Monday 30 March 2009

My face is finished, my body's gone...

INT: Small kitchen. Tasteful but not extravagant. Morning.

William Shatner, Lee Majors and David Soul are sitting round a table having breakfast. Shatner's eating Marmite on toast, Majors is sulkily staring into his coffee and Soul is looking at the small ads in Variety.

Soul: Hey guys, here's one: Producer seeks experienced talent. No timewasters. Sounds perfect for us!
Majors (scowling): Yeah right! We all know what that means...
Soul (hands in air): Tell us...
Majors: He's looking for chicks!
Shatner: It could be guys... and if it's experience this producer wants, then hey ...
Majors: Yeah, whatever. Even if he is looking for dudes, we're 'overqualified'.

That's an excerpt from the forthcoming series Six Million Dollar Men. No, of course it isn't, I made it up, but hey, if someone could get those fellas together to do comedy I'd watch it. Majors would have to agree to try and shag anything to reflect his model-marrying in real life. Incidentally, I didn't know Majors markets his own hearing aid, called inevitably The Lee Majors Bionic Hearing Aid - tagline: it won't cost you $6 million but you'll think it's worth it. Something us tinnitus sufferers could use, I'm sure.

Anyway, the reason I mention Steve Austin, Hutch and Kirk is because I've been musing on the concept of over qualification. Last year, whilst I was managing the band, I would occasionally put myself up for job interviews and a couple of times when I never heard back from a submitted CV I would enquire why and be told: you are overqualified. Ouch.

I went to the musical of Priscilla Queen of the Dessert last week (I thoroughly recommend it, by the way - and I hate camp, as you know.). Anyway, in the pivotal role was Jason Donovan. His body is still lean and taut, as he's keen to stress by stripping down to pants in the first five minutes. But he's aged in the face like anyone in their forties has a habit of doing. And so what? He's not the greatest actor, neither is he much competition in the singing department for his co-stars but he does a good job; he's convincing and you're rooting for him. Although not in the Australian sense of the word, I stress. The point is, in the age area he is 'overqualified'. If he was still flogging the cute blonde boy next door it would not work. He would not work. But he's bent his image to fit the market and he's flourishing. Blimey, never thought I'd hear myself defending the Donovan.
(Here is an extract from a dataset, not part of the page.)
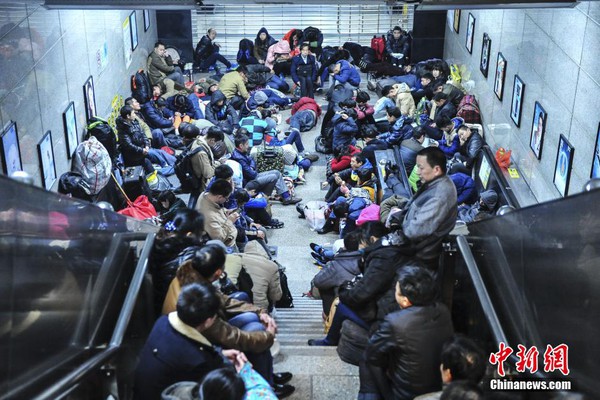 Hàng trăm nghìn người chen chúc ở các ga tàu Trung Quốc trước kỳ nghỉ Tết - Ảnh 18.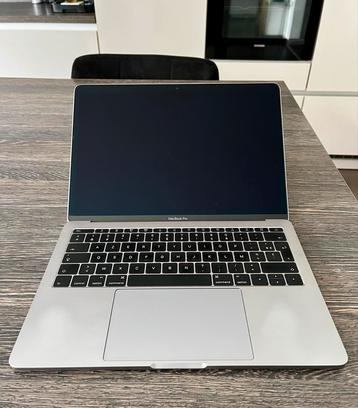 MacBook pro beschikbaar voor biedingen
And isn't that what everyone is doing? Particularly in the current economic climate. You can tell the people that aren't doing it - the people who have one thing they do and stick to that - people like Oasis, for example, but I suppose you could argue that they don't need to thank you very much - but what happens when Liam does start to lose his insufferable good looks? Well, perhaps he'll retire and do something else. Or carry on Jagger-style with all his self-pronounced 'laughter lines' ("Nothing's that funny" said George Melly)

Or what about Kylie? There is nothing else that people want Kylie to be other than a diminutive, multisexual cypher, once she begins to look her age (which, I admit, may never happen) whither the wispy songs with vaguely suggestive lyrics? Nick Cave - now there's a man who has made a career by sticking to his schtick. In fact, even dueting with Kylie he never went off-message.

That thing I wrote for the Guardian last week about rock stars going off-message has got me thinking. It seems to me that maybe that's what many stars are going to have to do in order to survive. In a world where anything digitizable can be free, you can no longer rely on residual back catalogue sales from CDs or DVDs to keep you going. So you are going to have to carry on working like the rest of us and to do that you're going to have to keep relevant to the market. Sure, if you're Leonard Cohen or Van Morrison you can charge your affluent audiences £200 a ticket for the privilege of seeing you, but you can only do that if you have their stature and crucially, you can't continue to do that every year. So what you surely must do is start thinking laterally and do other stuff. If you're Cohen you can sell your art which sticks to the message and keeps your image safe. But what if you're Michael Jackson, you're 50 years old and you've just sold out 50 O2s? Now there's someone who's overqualified. Surely it's time to leave the Moonwalk behind and just perform some fantastic tracks - use the great voice and occasionally do that thing with the foot, sure. But don't try to pretend you're 25 and book an elephant and 100 Masai warriors...

So many friends of mine are doing their bit for reinvention and going off-message - like my pal I described last week who picked up the Twitter baton (the Twaton?) and ran with it. Or another friend who is lecturing to music students after having been MD of a large music publisher. Re-invention may be deemed undignified by some, but often it's far less dignified to try to remain the same in the face of change - you can end up looking a bit of a Cnut.